Show that $f: \mathbb{R}^{n^{2}} \to \mathbb{R}^{n^{2}}$ s.t. $f(X)=X^6$ is a differential application.

Question

Let $f: \mathbb{R}^{n^{2}} \rightarrow \mathbb{R}^{n^{2}}$ defined by $f(X)=X^6$, where $\mathbb{R}^{n^{2}}$ is the space of square $n\times n$ matrices.

Show that $f$ is a differential application.

I try to prove that using the definition of a differential application in this way:

Let $X \in \mathbb{R}^{n^{2}}$ and $Y\neq0 \in \mathbb{R}^{n^{2}}$.

$$f(X+Y) - f(X) = f'(X)\cdot Y + r(Y) $$ $$\Leftrightarrow r(Y)=f(X+Y) - f(X) - f'(X)\cdot Y $$ $$\Leftrightarrow \frac{r(Y)}{|Y|}=\frac{f(X+Y) - f(X) - f'(X)\cdot Y}{|Y|}.$$ Then $$\lim_{|Y|\rightarrow0}\frac{r(Y)}{|Y|}=\lim_{|Y|\rightarrow0}\frac{f(X+Y) - f(X) - f'(X)\cdot Y}{|Y|} $$ $$\Leftrightarrow\lim_{|Y|\rightarrow0}\frac{r(Y)}{|Y|}=\lim_{|Y|\rightarrow0}\frac{(X+Y)^6 - X^6 - f'(X)\cdot Y}{|Y|}.$$

I want to prove that $\lim_{|Y|\rightarrow0}\frac{r(Y)}{|Y|}=0$. If I could get this, the result follows by the differential application definition. The problem is that the algebraic manipulations aren't so simple, and I don't have any additional properties for these matrices.

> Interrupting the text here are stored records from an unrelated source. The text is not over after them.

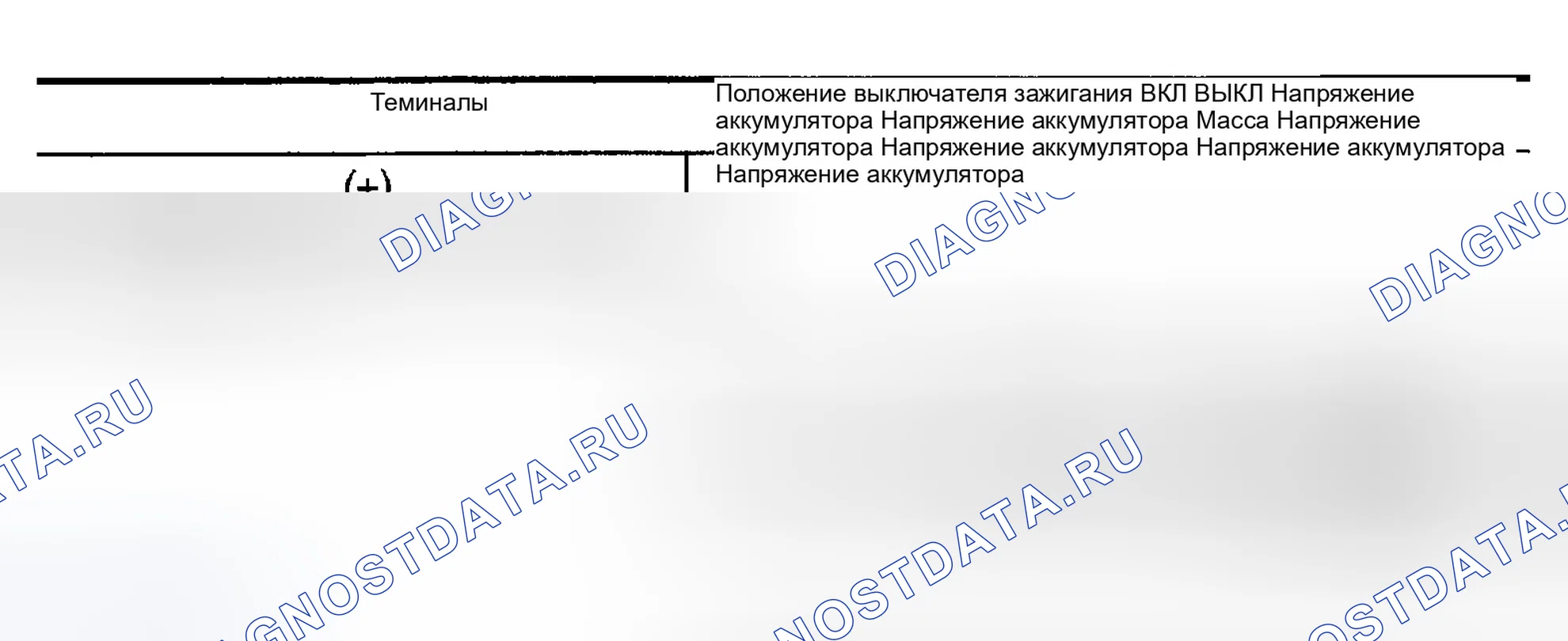 Рис. 163. Infiniti G35 III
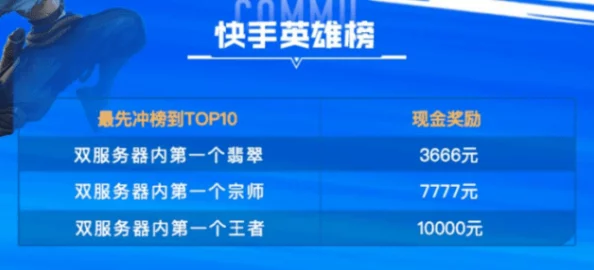 暗區突圍市場：詳解上架數量刷新時間-周一凌晨5點準時更新寄售機會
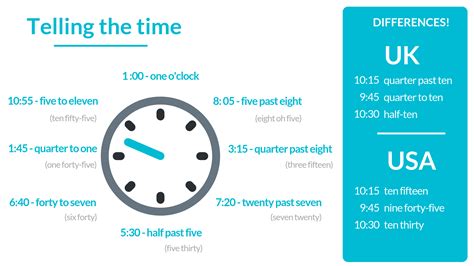 The Best Comprehensive Guide To Time And Dates In English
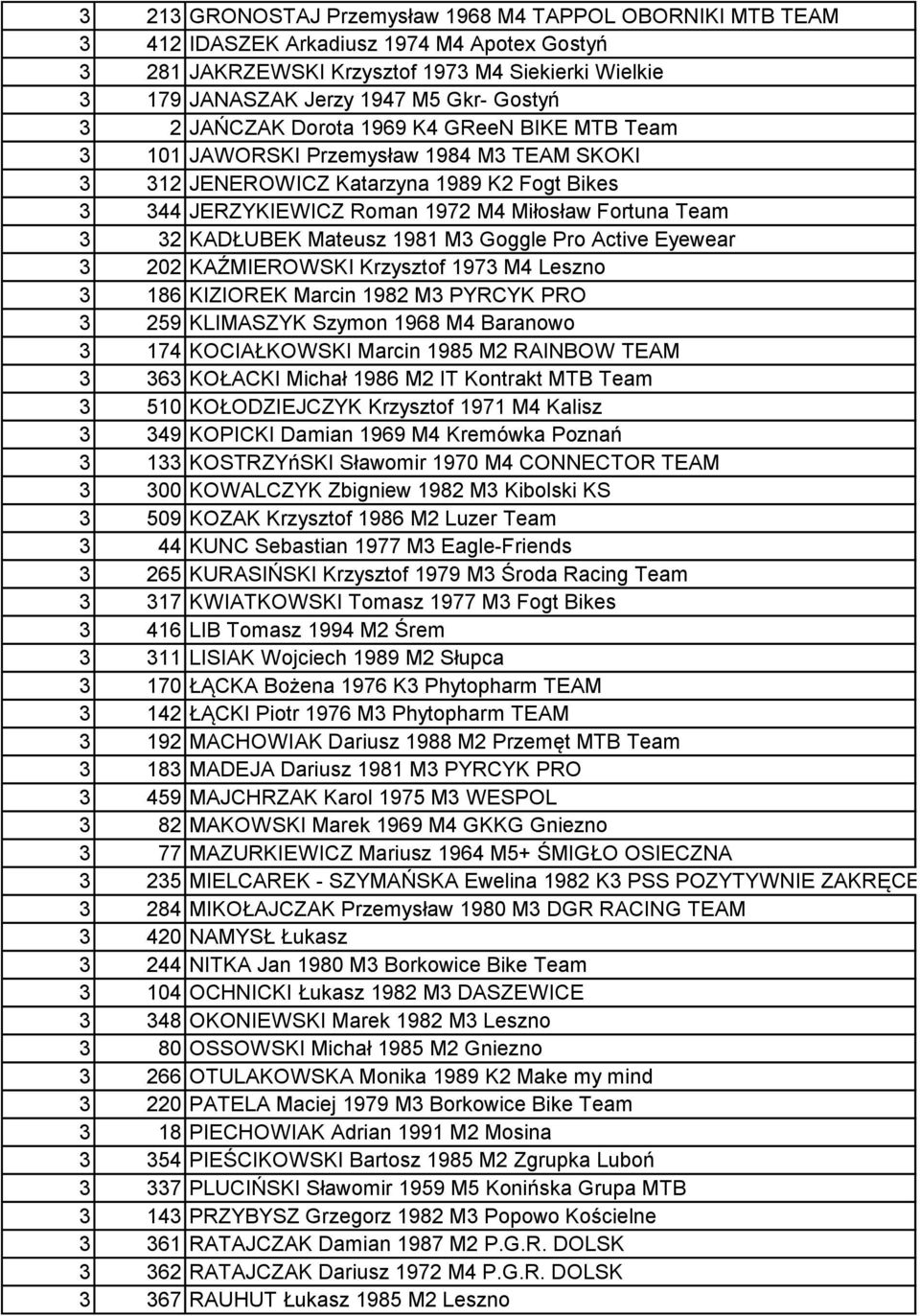 KADŁUBEK Mateusz 1981 M3 Goggle Pro Active Eyewear 3 202 KAŹMIEROWSKI Krzysztof 1973 M4 Leszno 3 186 KIZIOREK Marcin 1982 M3 PYRCYK PRO 3 259 KLIMASZYK Szymon 1968 M4 Baranowo 3 174 KOCIAŁKOWSKI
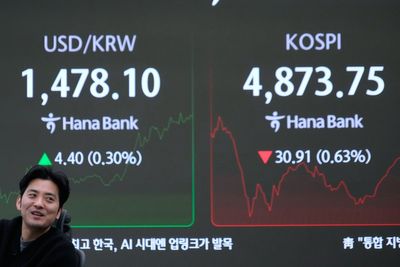 Shares in Asia track European markets lower on concern over Trump's push on Greenland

I try something else: There is a result that says every function $f:\mathbb{R^n}\rightarrow \mathbb{R^n}$ such that $f \in C^1$, then $f$ is differentiable. I thought to calculate the partial differentials of $f$ in each variable $x_{i} \in \mathbb{R}$ and proof that derivative is continuous in each $x_i$. But I don't know how to calculate these derivatives because they are matrices. Could someone help me, please?

Answer 1

Let $X,H\in\mathbb{R}^{n^2}$, then

\begin{align} f'(X)[H]&=\frac{\partial}{\partial t}\left\{f(X+tH) \right\}_{t=0}\\ &=\frac{\partial}{\partial t}\left\{(X+tH)^{6}\right\}_{t=0}\\ &=6X^{5}H \end{align} Now, \begin{equation} f(X+H)-f(X)=f'(X)[H]+r(H)\Rightarrow r(H)=(X+H)^{6}-X^6-6X^{5}H \end{equation}

We have to \begin{align} 0\leq\frac{\Vert r(H)\Vert}{\Vert H\Vert}=\frac{\Vert 15X^{4}H^{2}+20X^{3}H^{3}+15X^{2}H^{4}+6XH^{5}+H^6\Vert}{\Vert H\Vert}\leq\frac{\Vert 15X^{4}H+20X^{3}H^{2}+15X^{2}H^{3}+6XH^{4}+H^{5}\Vert\Vert H\Vert}{\Vert H\Vert}\quad\text{(See note)} \end{align} Therefore \begin{equation} \lim_{H\to 0}\frac{r(H)}{\Vert H\Vert}=0 \end{equation}

This shows that $f$ is differentiable at $X\in\mathbb{R}^{n^2}$.

Note: Let $T\in L(\mathbb{R}^{n},\mathbb{R}^{m})$ and $K=\{x\in \mathbb{R}^{n}:\Vert x\Vert_{n}=1\}$, then $\Vert T(x)\Vert_{n}\leq \Vert T\Vert \Vert x\Vert_{n}$, with that you can verify that the norm operator is submultiplicative.